Picked up by the Germans, Markussen was taken for interrogation by the Gestapo at Odense, which was, ironically, his mother’s hometown. Everyone else was also captured, except radio operator Ira Evans, who managed to evade the Germans. He was picked up by Danish resistance fighters and he found his way to Sweden two weeks later.
Meanwhile the 3rd Division “diversion” was perceived by the other divisions to have worked to disrupt and limit what the Luftwaffe might have done to the 1st and 2nd Divisions. It was a case of contemplating not the mischief the enemy did, but the unquantifiable potential for greater mischief that went unrealized.
In his memoir, Screaming Eagle, Colonel (later Major General) Dale O. Smith, the commander of the 384th Bombardment Group during Big Week, explains how the 3rd Division’s diversionary tactics seemed to have helped.
“German controllers saw our first force, a diversion of three hundred bound for Poland, swing across the North Sea toward Denmark,” he writes. “Believing this a threat to Berlin, the Luftwaffe not only kept their northern fighters in place but dispatched 70 fighters from southern displacements to intercept. Eighty minutes later our main force of 700 bombers thrust at Holland on a direct route to the targets. I led the 41st Combat Wing of almost 60 Forts in this bomber stream. German radar stations soon reported our huge strength and before the 70 enemy fighters sent north could intercept our diversionary force their controllers recalled them. Some 90 local defenders attacked our main force on the penetration to Leipzig, but they had to break off and refuel about target time. The 70 fighters recalled from the north hardly got in the fight before running out of fuel.”
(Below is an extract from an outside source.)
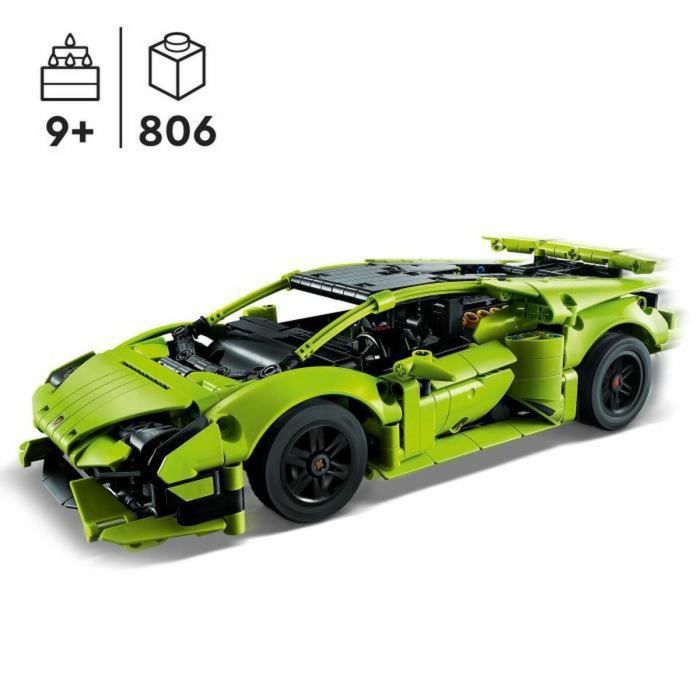 LEGO 42161 Technic Lamborghini Huracán Tecnica, Maqueta de Coche de Construcción para Fanáticos del Automovilismo 5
That morning, Leipzig lay beneath a blanket of snow, and a deep blue sky. Down there, it was a sunny day—literally, but not figuratively.
“The clouds seemed to open up and there was the target right in the middle of the hole,” Lieutenant Richard Crown, the 384th Bombardment Group’s lead bombardier recalled. “The hangars stood out plainly against the white snow, and when the bombs hit, those buildings disappeared in one puff. Our bombs swept right through the hangar area of the field. It was one of those days when everything g
oes right”
“Visibility was perfect and I could see one [target] airfield below with about 25 planes lined up in a row,” recalled Staff Sergeant Glen Dick, a radio operator with the 381st Bombardment Group, in a conversation with David Osborne for the book They Came from Over the Pond. “You could see big pieces of planes blown into the air when our bombs caught them. I also saw a tremendous explosion down there right after that. There was a big orange sheet of flame in the middle of the airfield.”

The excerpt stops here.